Ninth century Chinese Zen Master Linji said, "You have to realize the truth of the fact that there never has been anything to do." In the commentary on this teaching, Thich Nhat Hanh says, "If we cultivate the spirit of aimlessness, we will be fresh and free, like the rose. But if the rose wishes to become a lotus, she will no longer be happy. A rose doesn't need to become a lotus. A rose should just be a rose, and deeply manifest all her beauty and fragrance in the present moment." Our real work is to be as present and as authentic as we can be in each moment. Closing ourselves off from the imperfect world that is in front of us right now in order to create a better world in the future doesn't make sense, does it?

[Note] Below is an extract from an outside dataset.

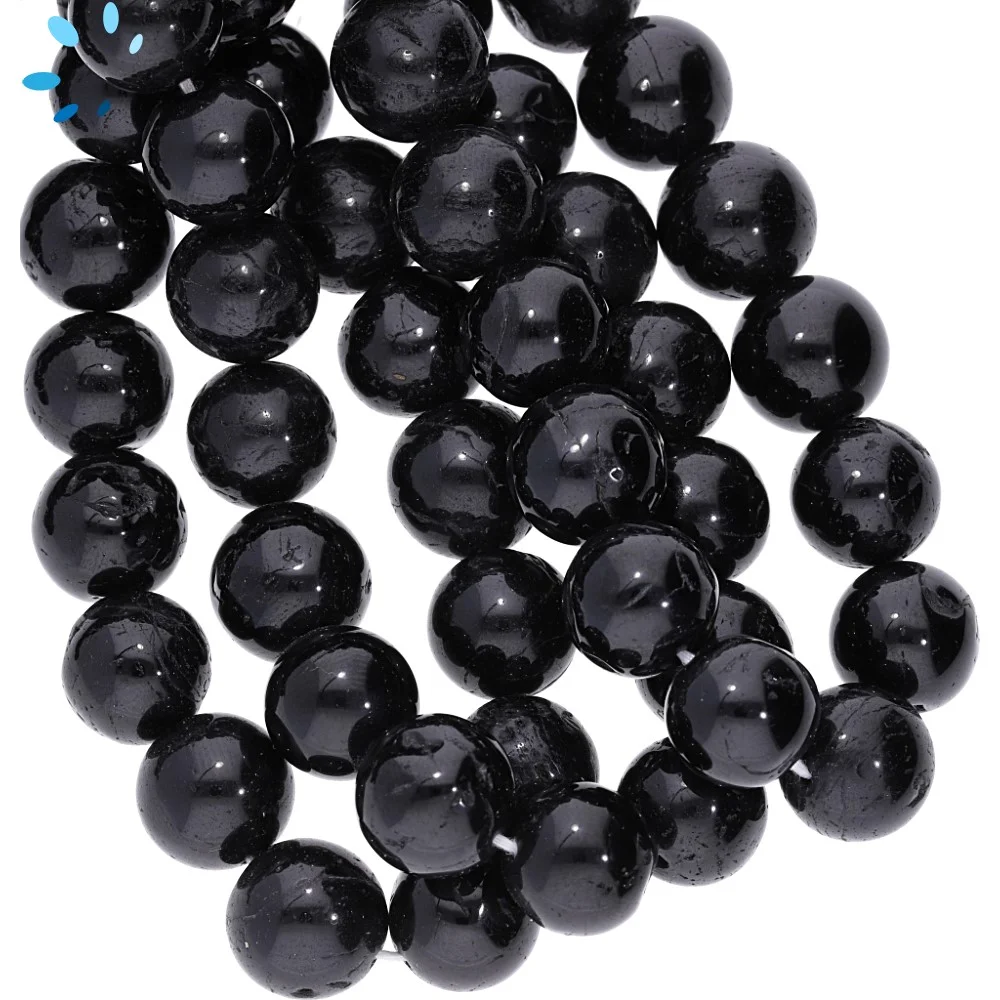 Black Tourmaline Smooth Round Beads 12mm - 13 Inch Strand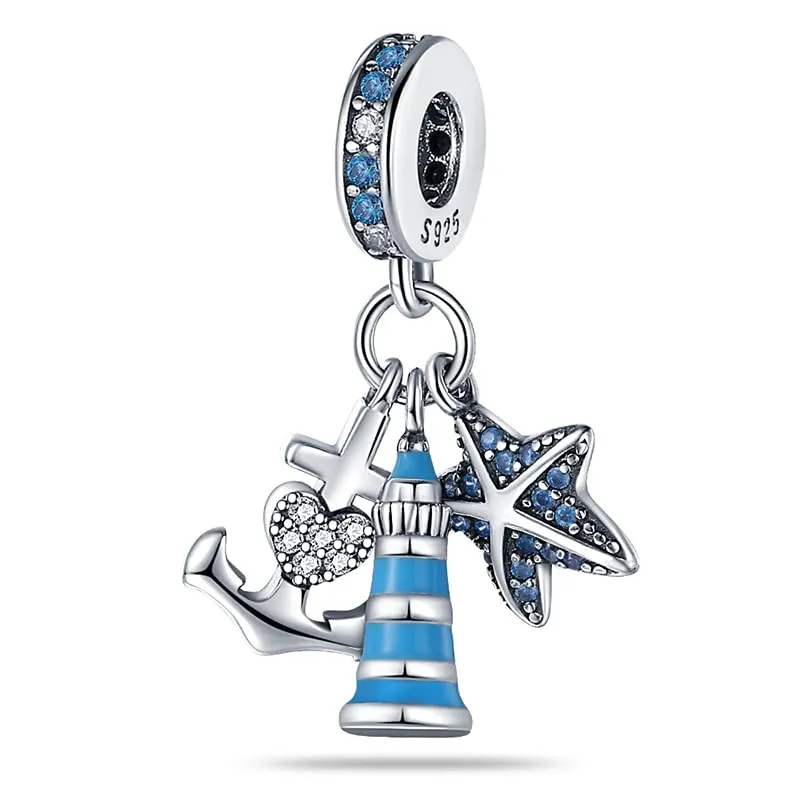 KUNSIR Bead Charm in Argento Sterling 925 con Cubic Zirconia, Compatibile con Braccialetti e Collane Europei - immagine 1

And yet, there is work to be done. Sitting on the bus that day, catching the blood as best I could with several used kleenexes dug from the bottom of my purse, I texted the yoga studio to let them know that I wouldn't make the meeting after all. I got off at my stop, walked home and got into a warm bath. I cleaned up my wound and put some gauze around it to stop the bleeding. I took a short nap.  And then I got up and got back to work.